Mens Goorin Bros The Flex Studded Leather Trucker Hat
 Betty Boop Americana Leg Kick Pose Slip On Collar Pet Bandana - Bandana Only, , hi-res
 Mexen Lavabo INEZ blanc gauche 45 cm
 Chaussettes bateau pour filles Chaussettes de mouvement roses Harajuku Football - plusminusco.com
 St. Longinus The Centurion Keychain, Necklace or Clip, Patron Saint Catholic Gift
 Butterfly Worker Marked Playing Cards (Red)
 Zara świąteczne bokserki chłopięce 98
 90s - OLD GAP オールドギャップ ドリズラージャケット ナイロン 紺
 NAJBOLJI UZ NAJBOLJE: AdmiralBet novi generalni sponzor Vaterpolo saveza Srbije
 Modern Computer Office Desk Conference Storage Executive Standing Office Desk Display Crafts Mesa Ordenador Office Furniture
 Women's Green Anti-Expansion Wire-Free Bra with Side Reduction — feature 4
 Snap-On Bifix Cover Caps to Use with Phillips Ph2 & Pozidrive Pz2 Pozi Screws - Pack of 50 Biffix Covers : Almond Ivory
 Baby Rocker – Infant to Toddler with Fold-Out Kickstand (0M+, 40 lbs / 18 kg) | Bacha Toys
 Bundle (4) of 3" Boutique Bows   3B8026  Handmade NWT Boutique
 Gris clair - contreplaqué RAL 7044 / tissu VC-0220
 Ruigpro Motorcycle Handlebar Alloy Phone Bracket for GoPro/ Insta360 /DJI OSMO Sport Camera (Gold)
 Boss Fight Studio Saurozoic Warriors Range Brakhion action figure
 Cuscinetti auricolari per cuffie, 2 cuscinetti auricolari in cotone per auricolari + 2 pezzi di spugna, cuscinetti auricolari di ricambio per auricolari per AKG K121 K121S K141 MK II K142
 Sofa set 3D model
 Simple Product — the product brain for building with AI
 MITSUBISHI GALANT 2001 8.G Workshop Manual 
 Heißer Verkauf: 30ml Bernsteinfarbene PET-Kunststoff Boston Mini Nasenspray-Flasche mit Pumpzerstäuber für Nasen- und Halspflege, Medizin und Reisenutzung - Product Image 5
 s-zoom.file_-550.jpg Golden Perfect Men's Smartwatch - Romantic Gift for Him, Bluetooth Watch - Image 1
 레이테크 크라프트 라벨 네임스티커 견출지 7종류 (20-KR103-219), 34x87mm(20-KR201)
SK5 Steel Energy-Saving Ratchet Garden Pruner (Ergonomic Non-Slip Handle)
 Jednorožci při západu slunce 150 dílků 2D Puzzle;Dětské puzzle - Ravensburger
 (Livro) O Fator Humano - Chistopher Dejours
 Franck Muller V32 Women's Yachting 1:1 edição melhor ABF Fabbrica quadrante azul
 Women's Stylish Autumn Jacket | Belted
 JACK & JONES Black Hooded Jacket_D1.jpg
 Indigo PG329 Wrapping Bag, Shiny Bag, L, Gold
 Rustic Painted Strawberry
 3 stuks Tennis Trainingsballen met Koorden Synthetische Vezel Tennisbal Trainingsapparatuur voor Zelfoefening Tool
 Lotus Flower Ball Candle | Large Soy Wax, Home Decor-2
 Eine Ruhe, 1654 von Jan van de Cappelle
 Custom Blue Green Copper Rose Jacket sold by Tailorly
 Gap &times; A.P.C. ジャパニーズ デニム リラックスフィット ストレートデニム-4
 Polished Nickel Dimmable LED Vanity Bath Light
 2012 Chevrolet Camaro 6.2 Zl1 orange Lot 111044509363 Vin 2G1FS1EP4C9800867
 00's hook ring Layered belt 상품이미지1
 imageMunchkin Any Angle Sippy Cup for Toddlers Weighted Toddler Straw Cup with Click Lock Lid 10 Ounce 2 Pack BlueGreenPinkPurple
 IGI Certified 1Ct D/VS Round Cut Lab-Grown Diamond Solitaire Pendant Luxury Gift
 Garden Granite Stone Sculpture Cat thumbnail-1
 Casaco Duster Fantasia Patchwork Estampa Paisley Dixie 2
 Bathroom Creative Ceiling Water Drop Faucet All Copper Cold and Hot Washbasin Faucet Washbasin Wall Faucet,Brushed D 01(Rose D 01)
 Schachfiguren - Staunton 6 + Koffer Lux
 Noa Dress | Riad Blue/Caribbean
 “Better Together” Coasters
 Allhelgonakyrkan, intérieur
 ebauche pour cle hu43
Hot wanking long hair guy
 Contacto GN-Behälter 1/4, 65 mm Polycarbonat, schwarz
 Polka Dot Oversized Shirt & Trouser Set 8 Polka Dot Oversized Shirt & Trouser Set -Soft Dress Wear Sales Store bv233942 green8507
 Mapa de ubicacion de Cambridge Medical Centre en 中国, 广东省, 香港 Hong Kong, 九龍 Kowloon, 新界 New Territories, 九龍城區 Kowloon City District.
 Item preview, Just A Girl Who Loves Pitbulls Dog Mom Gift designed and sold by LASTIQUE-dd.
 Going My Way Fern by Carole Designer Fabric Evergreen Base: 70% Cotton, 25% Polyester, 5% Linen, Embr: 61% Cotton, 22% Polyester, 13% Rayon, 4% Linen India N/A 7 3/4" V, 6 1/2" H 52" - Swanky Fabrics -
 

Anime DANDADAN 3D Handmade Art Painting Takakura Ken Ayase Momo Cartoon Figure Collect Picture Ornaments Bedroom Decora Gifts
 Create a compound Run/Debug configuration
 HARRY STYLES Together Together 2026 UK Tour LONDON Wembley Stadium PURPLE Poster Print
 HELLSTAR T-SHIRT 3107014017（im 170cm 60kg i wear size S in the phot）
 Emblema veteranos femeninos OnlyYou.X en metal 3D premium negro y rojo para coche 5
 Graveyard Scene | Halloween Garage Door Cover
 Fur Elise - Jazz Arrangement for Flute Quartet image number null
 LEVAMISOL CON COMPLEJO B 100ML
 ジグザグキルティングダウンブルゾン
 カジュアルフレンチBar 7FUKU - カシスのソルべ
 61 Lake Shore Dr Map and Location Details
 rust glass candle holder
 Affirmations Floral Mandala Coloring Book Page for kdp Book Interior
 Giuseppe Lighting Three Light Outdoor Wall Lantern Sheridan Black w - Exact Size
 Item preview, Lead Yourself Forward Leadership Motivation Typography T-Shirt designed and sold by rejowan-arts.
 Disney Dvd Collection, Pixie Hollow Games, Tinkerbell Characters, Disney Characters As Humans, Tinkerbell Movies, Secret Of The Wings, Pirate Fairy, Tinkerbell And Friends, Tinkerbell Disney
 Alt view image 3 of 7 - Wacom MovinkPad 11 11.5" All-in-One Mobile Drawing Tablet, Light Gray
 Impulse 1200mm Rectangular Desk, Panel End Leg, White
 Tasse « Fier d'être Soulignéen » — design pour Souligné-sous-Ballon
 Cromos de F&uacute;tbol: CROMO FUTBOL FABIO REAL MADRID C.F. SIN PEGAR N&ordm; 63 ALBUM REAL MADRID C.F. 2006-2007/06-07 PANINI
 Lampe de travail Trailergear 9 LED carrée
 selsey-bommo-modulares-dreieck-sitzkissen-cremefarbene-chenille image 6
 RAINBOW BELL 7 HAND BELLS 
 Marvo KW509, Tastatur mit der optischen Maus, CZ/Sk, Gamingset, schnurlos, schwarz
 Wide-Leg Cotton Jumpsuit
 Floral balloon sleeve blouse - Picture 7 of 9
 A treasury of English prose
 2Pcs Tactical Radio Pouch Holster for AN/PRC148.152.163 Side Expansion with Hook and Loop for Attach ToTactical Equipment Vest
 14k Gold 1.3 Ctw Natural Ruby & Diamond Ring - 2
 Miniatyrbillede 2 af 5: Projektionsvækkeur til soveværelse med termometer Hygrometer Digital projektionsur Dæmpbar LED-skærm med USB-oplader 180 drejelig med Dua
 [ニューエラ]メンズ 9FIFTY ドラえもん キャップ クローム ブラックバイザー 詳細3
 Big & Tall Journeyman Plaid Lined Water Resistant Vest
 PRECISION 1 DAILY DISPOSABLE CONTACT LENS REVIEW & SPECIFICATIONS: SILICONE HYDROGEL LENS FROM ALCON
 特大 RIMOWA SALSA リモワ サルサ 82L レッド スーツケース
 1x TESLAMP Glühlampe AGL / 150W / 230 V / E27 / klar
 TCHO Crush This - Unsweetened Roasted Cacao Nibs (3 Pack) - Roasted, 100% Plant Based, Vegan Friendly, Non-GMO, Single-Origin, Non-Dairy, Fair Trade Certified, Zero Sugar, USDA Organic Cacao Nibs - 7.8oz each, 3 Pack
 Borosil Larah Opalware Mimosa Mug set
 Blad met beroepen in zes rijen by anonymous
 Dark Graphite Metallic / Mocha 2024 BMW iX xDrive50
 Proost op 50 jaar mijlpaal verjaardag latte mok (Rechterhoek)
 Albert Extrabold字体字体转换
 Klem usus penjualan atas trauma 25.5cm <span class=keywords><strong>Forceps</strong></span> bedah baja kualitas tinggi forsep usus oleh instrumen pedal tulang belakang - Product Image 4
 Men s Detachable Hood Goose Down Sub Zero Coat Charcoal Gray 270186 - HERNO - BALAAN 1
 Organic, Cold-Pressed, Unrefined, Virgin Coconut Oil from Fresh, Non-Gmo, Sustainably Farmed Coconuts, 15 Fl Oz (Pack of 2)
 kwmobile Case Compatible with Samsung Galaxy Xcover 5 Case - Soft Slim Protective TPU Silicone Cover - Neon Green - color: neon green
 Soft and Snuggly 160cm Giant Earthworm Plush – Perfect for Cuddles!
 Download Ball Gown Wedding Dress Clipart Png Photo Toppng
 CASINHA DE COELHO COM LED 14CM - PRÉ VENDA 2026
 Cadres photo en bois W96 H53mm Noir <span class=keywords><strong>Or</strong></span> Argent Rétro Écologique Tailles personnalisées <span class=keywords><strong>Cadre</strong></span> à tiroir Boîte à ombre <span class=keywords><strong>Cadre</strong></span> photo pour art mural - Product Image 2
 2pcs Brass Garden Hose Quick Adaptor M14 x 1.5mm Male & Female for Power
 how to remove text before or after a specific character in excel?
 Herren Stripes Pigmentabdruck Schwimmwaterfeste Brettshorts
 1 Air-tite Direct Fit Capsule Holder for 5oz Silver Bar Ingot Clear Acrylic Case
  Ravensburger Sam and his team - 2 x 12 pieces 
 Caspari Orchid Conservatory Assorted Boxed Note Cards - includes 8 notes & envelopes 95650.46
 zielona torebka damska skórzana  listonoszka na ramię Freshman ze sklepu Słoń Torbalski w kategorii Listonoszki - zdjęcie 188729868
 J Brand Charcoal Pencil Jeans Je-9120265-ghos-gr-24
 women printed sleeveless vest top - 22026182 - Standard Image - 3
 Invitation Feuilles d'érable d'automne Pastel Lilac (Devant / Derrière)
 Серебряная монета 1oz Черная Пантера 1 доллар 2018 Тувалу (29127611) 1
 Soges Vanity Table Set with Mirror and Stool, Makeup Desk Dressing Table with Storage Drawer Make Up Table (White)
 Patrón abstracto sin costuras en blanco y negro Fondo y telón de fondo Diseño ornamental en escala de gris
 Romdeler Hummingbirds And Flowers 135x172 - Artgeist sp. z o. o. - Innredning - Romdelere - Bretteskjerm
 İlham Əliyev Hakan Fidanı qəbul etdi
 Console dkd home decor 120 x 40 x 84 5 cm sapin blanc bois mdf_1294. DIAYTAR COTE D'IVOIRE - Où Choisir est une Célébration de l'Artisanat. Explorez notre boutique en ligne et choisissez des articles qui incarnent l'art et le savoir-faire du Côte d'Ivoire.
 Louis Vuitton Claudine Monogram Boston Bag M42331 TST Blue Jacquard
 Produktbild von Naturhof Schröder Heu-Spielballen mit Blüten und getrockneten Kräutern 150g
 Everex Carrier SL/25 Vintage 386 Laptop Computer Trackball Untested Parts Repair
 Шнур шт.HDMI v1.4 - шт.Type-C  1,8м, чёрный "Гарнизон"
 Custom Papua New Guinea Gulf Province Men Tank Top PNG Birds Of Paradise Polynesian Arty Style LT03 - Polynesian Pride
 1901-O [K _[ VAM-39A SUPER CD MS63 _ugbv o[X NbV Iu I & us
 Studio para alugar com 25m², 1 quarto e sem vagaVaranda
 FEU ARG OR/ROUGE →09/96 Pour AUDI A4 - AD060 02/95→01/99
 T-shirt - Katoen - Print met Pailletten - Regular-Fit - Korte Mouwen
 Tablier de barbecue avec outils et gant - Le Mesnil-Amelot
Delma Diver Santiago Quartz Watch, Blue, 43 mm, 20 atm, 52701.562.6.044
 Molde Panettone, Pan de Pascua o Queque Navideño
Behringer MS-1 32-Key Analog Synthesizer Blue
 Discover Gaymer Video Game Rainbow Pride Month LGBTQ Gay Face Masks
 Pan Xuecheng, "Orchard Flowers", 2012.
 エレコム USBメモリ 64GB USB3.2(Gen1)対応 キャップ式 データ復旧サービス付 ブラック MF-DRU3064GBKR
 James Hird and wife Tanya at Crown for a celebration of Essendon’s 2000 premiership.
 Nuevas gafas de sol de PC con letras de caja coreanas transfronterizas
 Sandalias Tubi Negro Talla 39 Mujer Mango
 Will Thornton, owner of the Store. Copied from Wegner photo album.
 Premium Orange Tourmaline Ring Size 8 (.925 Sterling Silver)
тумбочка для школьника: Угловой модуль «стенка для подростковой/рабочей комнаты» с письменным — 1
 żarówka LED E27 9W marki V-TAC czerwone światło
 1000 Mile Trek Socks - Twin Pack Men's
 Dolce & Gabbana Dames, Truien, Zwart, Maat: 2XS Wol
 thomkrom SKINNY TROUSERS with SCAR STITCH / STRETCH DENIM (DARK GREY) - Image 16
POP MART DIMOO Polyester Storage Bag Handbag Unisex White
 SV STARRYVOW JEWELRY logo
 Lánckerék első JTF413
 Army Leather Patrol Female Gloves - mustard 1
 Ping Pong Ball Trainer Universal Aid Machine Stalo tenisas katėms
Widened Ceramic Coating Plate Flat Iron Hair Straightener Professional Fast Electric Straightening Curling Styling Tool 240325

^^^^^^^^^^^^^^^^

— WORK TO COMPLETE —
Emit, unaltered, the lines from the top of the listing down through the line that holds "MITSUBISHI GALANT 2001 8.G Workshop Manual"; emit nothing else.

— SOLUTION TO THIS EXERCISE —
Mens Goorin Bros The Flex Studded Leather Trucker Hat
 Betty Boop Americana Leg Kick Pose Slip On Collar Pet Bandana - Bandana Only, , hi-res
 Mexen Lavabo INEZ blanc gauche 45 cm
 Chaussettes bateau pour filles Chaussettes de mouvement roses Harajuku Football - plusminusco.com
 St. Longinus The Centurion Keychain, Necklace or Clip, Patron Saint Catholic Gift
 Butterfly Worker Marked Playing Cards (Red)
 Zara świąteczne bokserki chłopięce 98
 90s - OLD GAP オールドギャップ ドリズラージャケット ナイロン 紺
 NAJBOLJI UZ NAJBOLJE: AdmiralBet novi generalni sponzor Vaterpolo saveza Srbije
 Modern Computer Office Desk Conference Storage Executive Standing Office Desk Display Crafts Mesa Ordenador Office Furniture
 Women's Green Anti-Expansion Wire-Free Bra with Side Reduction — feature 4
 Snap-On Bifix Cover Caps to Use with Phillips Ph2 & Pozidrive Pz2 Pozi Screws - Pack of 50 Biffix Covers : Almond Ivory
 Baby Rocker – Infant to Toddler with Fold-Out Kickstand (0M+, 40 lbs / 18 kg) | Bacha Toys
 Bundle (4) of 3" Boutique Bows   3B8026  Handmade NWT Boutique
 Gris clair - contreplaqué RAL 7044 / tissu VC-0220
 Ruigpro Motorcycle Handlebar Alloy Phone Bracket for GoPro/ Insta360 /DJI OSMO Sport Camera (Gold)
 Boss Fight Studio Saurozoic Warriors Range Brakhion action figure
 Cuscinetti auricolari per cuffie, 2 cuscinetti auricolari in cotone per auricolari + 2 pezzi di spugna, cuscinetti auricolari di ricambio per auricolari per AKG K121 K121S K141 MK II K142
 Sofa set 3D model
 Simple Product — the product brain for building with AI
 MITSUBISHI GALANT 2001 8.G Workshop Manual 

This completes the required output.